Quand il monta dans sa chambre, le premier geste d’Aldo fut d’aller fermer les persiennes. Il ne voulait pas voir se refléter sur la verdure du parc les lumières des fenêtres d’Anielka. Cette page-là devait être tournée et le plus tôt serait le mieux ! Ensuite, il s’assit sur son lit pour consulter l’indicateur des chemins de fer...

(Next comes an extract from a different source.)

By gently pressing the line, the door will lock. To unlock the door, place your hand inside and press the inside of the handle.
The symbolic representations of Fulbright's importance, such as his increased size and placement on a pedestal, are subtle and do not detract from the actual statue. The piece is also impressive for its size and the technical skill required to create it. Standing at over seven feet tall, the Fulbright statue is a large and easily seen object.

Cependant, s’il pensait en avoir fini avec son joli roman polonais, il se trompait.
Le lendemain dans l’après-midi, alors qu’il achevait de boucler ses bagages, Cyprien vint lui annoncer que sir Eric et lady Ferrais demandaient à lui parler et l’attendaient au salon.
– Seigneur ! fit Morosini. Il a osé franchir le seuil de cette maison ? Si tante Amélie l’apprend, elle va vous ordonner de le jeter dehors.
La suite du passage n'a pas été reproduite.